Multigenerational stories of the working-class Southeast Asian diaspora in America are difficult to come by. Western history books often flatten immigrant laborers into statistics, measuring them only by the jobs they performed, so few of their idiosyncrasies, struggles, and triumphs get recorded. Randy Ribay’s novel Everything We Never Had (Kokila, 2024) shows the humanity of Southeast Asian men with the interlinked stories of four generations of a Filipino American family, starting in the early 1900s.

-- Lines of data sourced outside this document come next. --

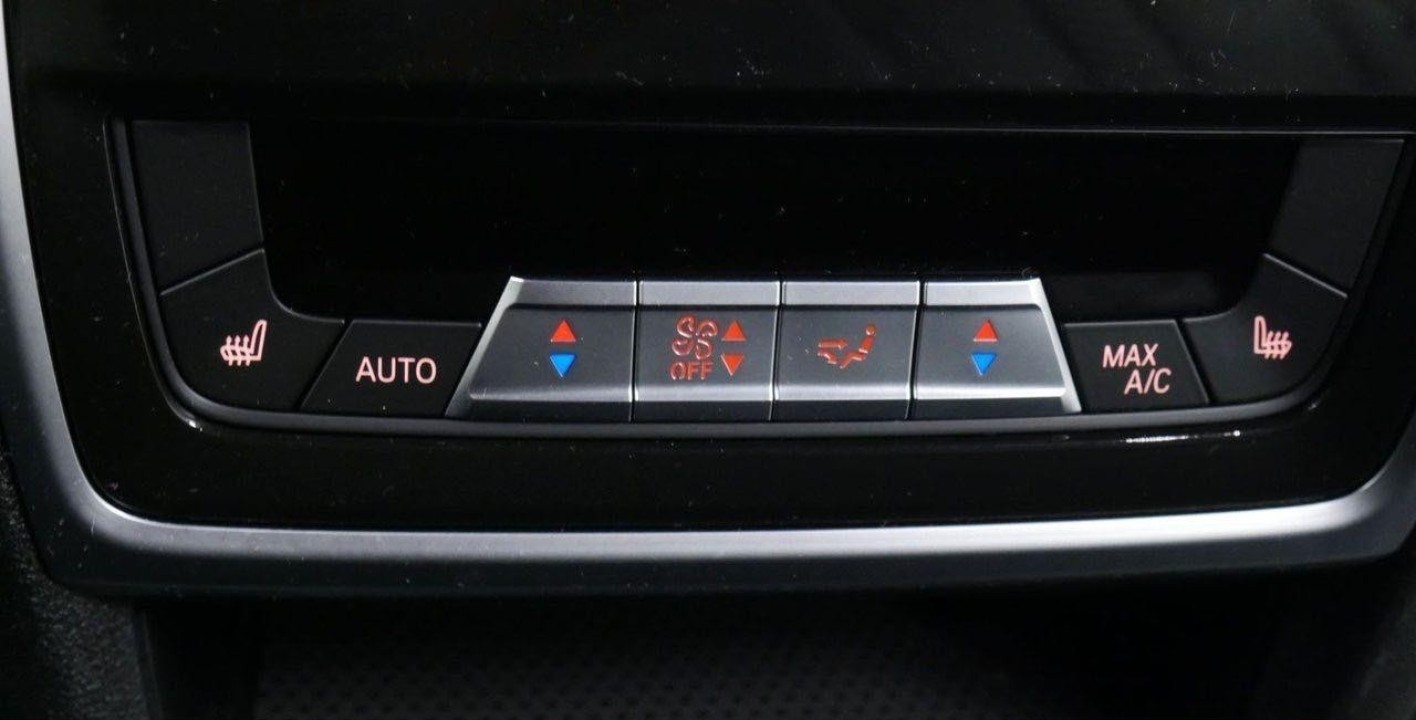 BMW X5 M Competition - foto 15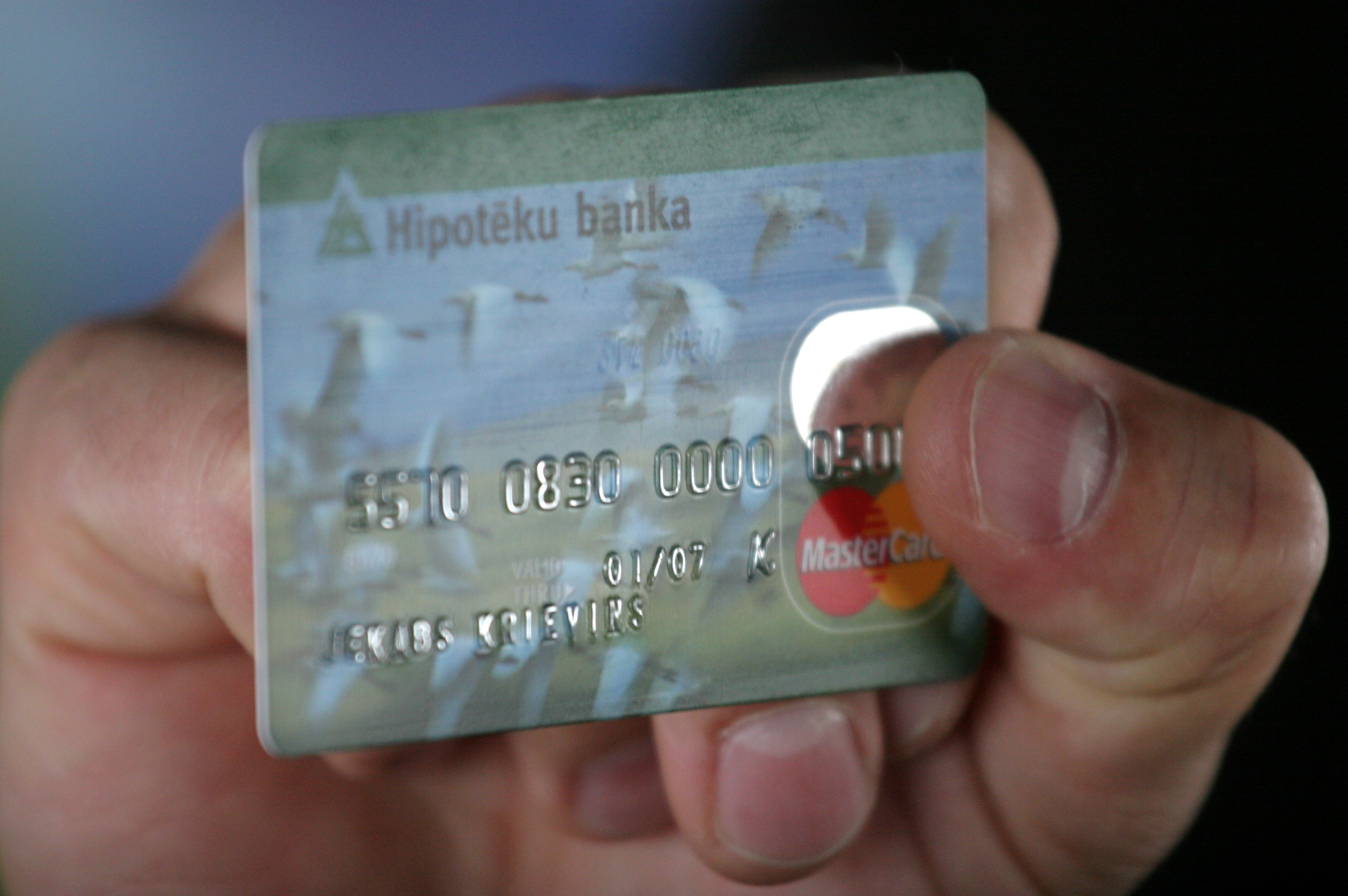 Bezskaidrās naudas maksājumu apmērs pērn Latvijā samazinājies par 10,8%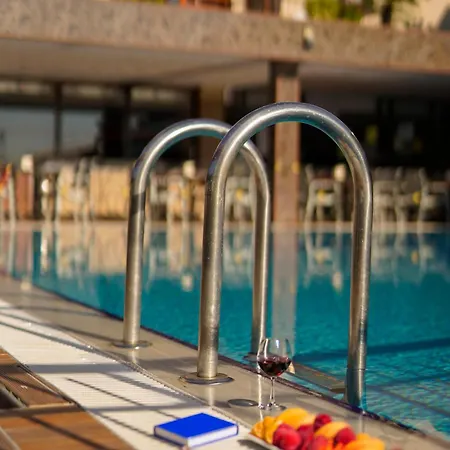 Hotel Aleria Belport 2*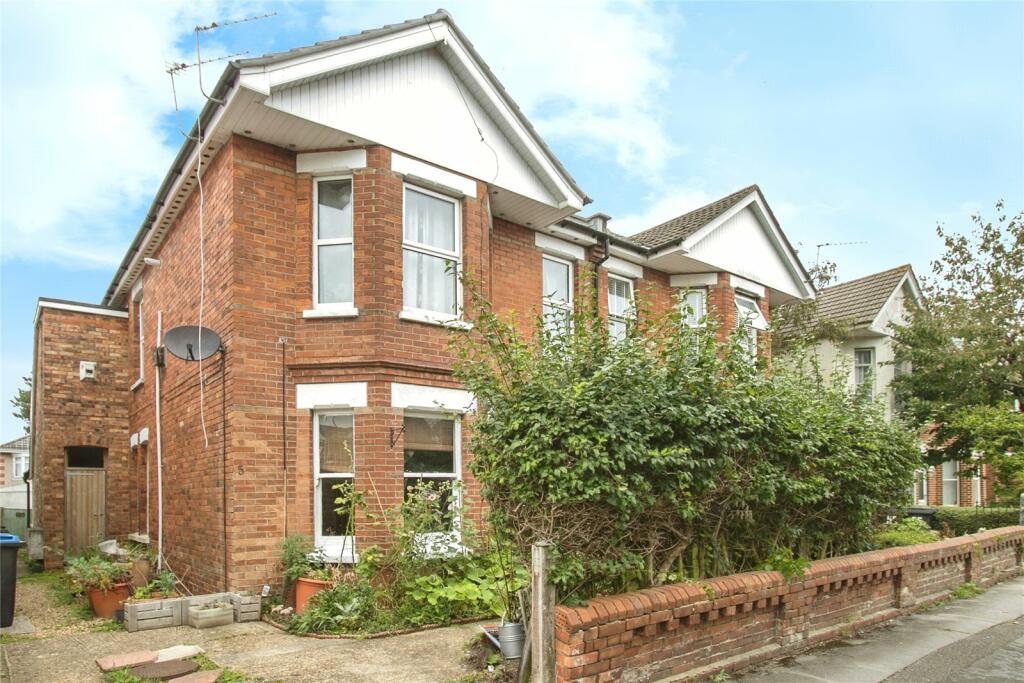 3 bed Apartment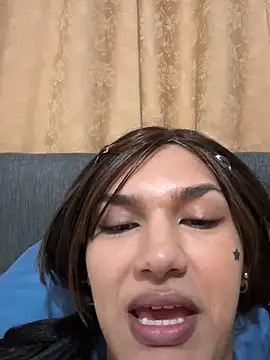 Snapshot of cataafitt chatting on May 13, 4:43 am cataafitt online show from May 13, 4:43 am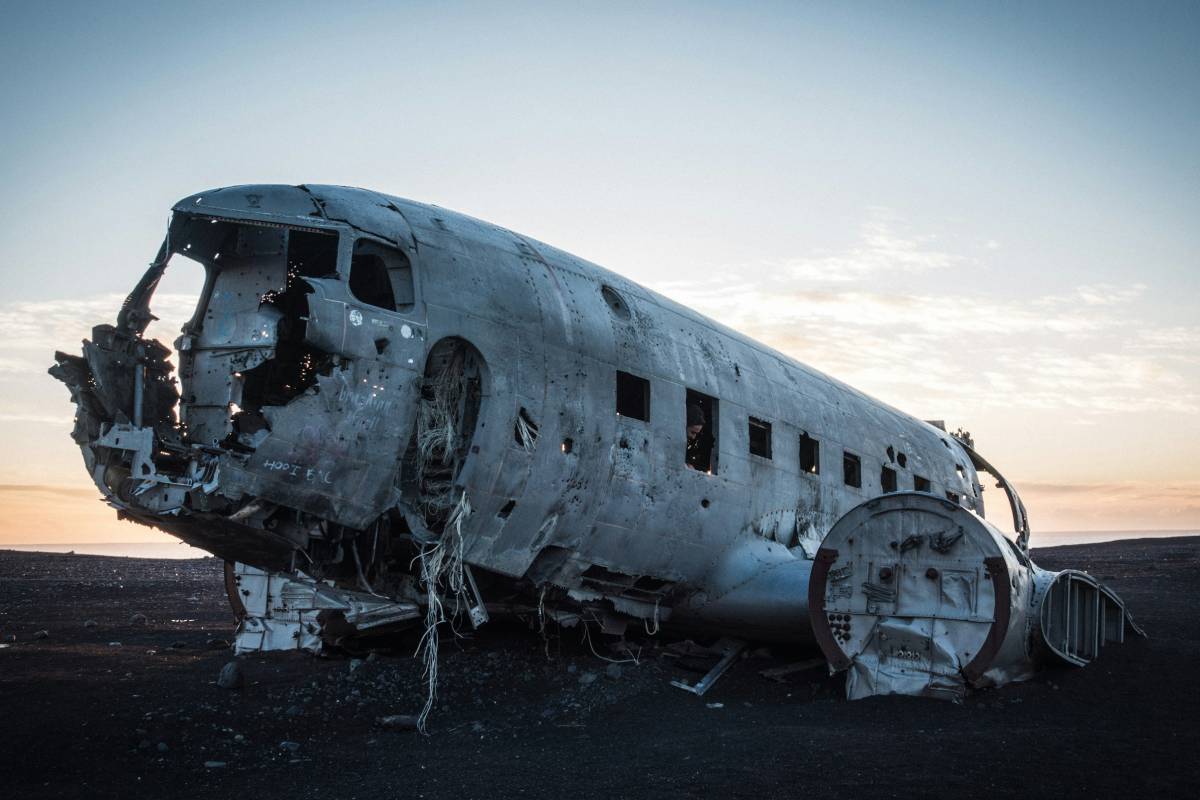 How Many Plane Crashes Happen a Year? - Clever Journey | Travel Gear Reviews, Packing Tips, Travel Advice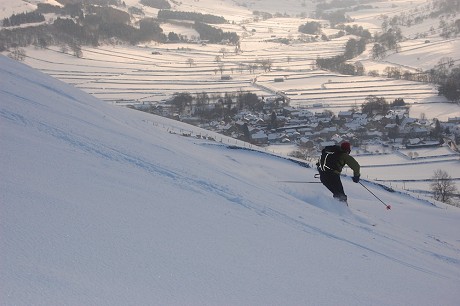 Ski-touring in the Yorkshire Dales  © gilchrist222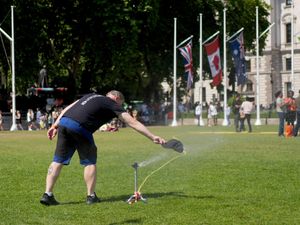 Supporting image for story: Summer 2025 will ‘almost certainly’ be UK’s warmest on record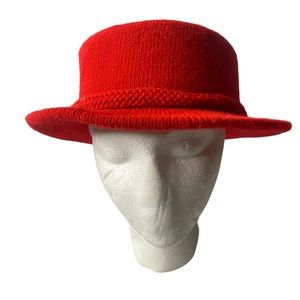 Everitt hat
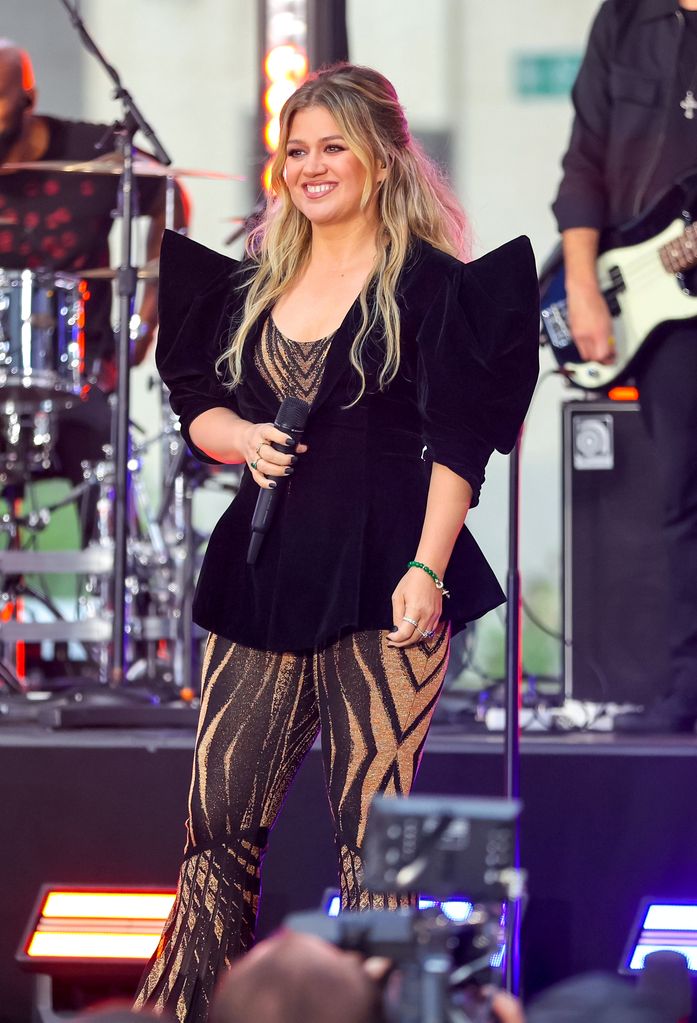 Kelly Clarkson is seen performing at the Citi Concert Series for the 'Today' Show on September 22, 2023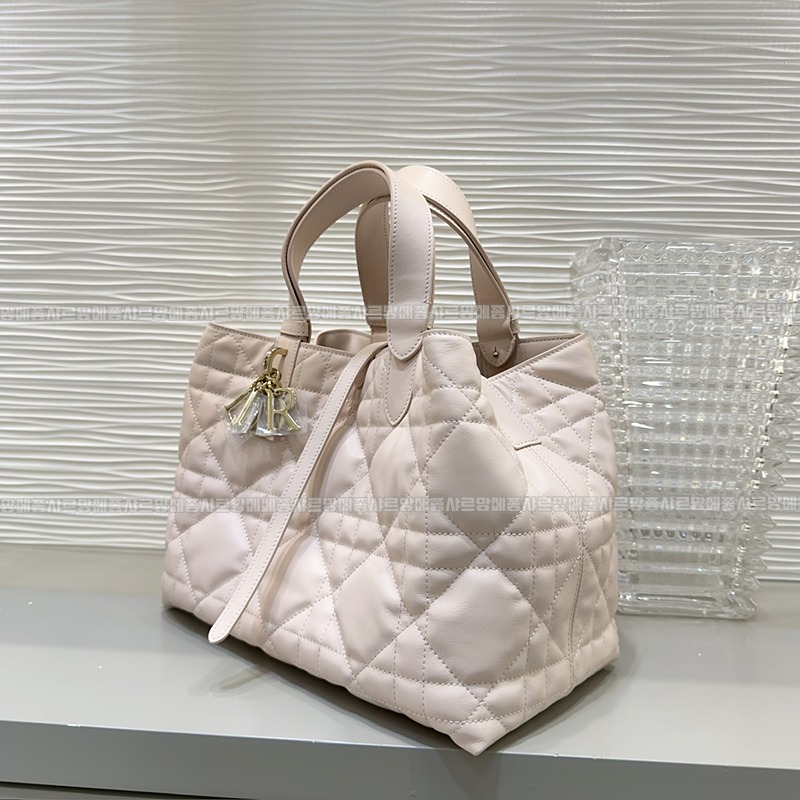 디올뚜주흐토트백  20260329-103832-002루.jpg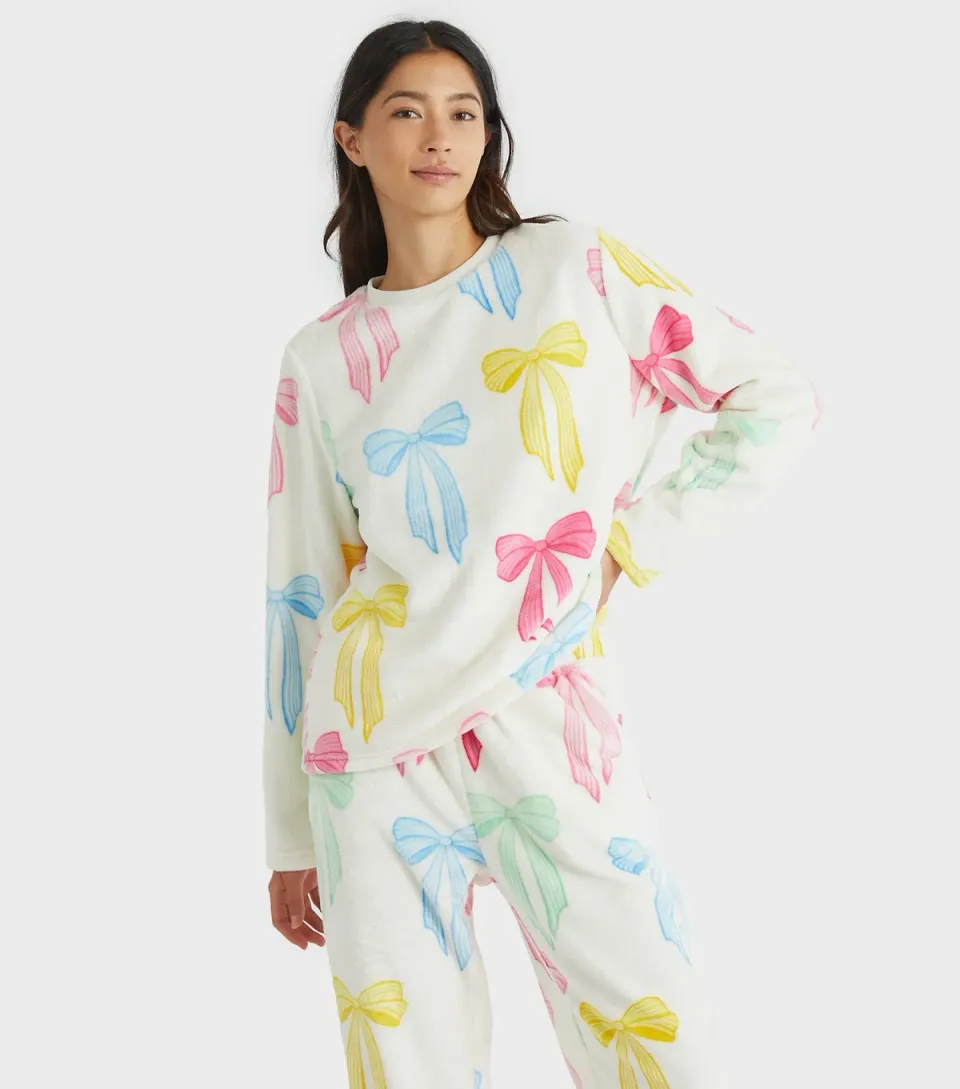 Women's White Bow Pattern Two Piece Fleece Pyjama Set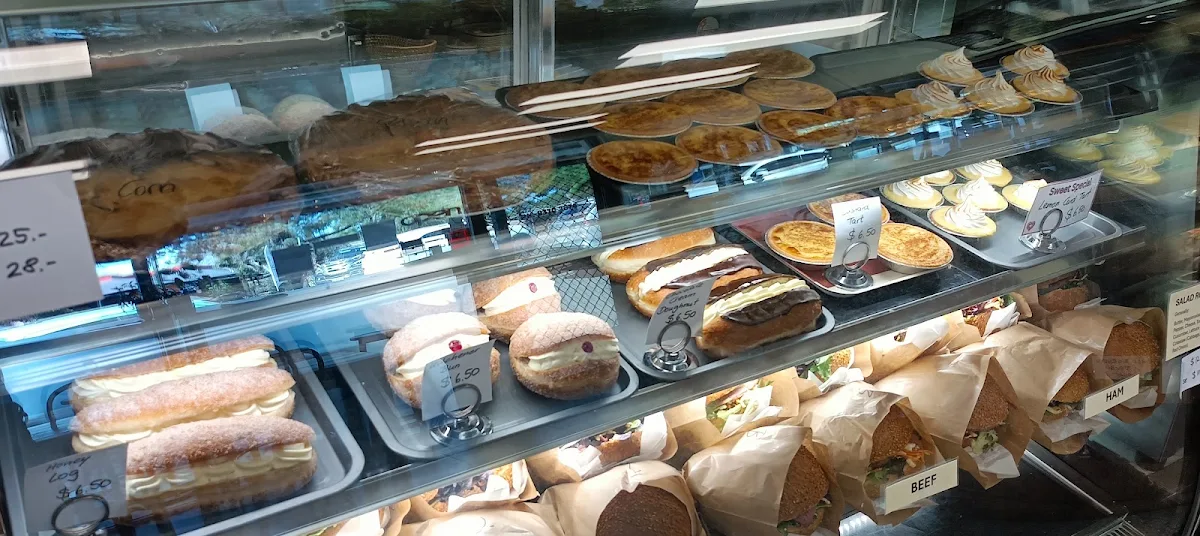 Vibe, Akkerman & Dyer Bakery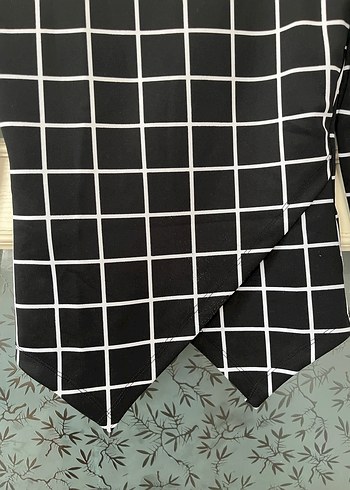 V Yaka Kareli Gri Uzun Kollu Kadın Bluz - Görsel 2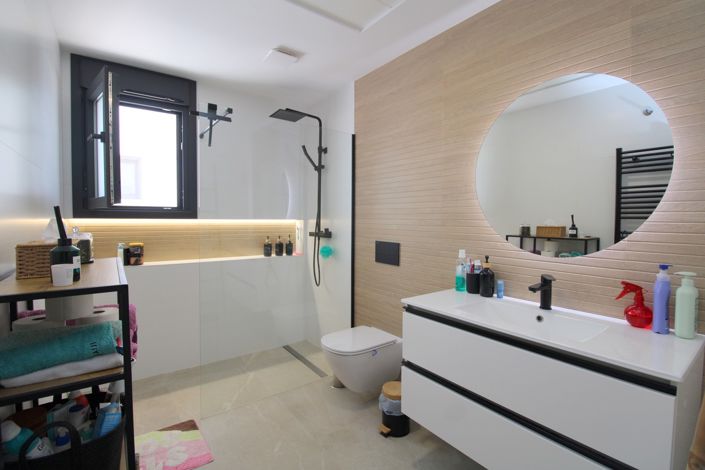 Image No.4-3 Bed Townhouse for sale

The story begins with Francisco Maghabol, an immigrant picking apples in the fields of Watsonville, California, and weaves in the narratives of the following generations, as current as his teenage great-grandson entering the 2020 pandemic. In rotating chapters, Ribay juxtaposes the histories and perspectives of each generation of fathers and sons at different points of their lives. Each father has tried to provide what he perceives to be a better life for his son but ultimately falters in understanding the different societal challenges and personal hopes that occupy each son. The novel depicts how experiences of assimilation, familial care, and masculinity can reverberate and diverge across generations.
Ribay and I spoke via Zoom about the tension between individualism and collectivism within the Asian American community, how communication varies between generations, the movements towards and away from assimilation, and his research and inspiration as he wrote this book.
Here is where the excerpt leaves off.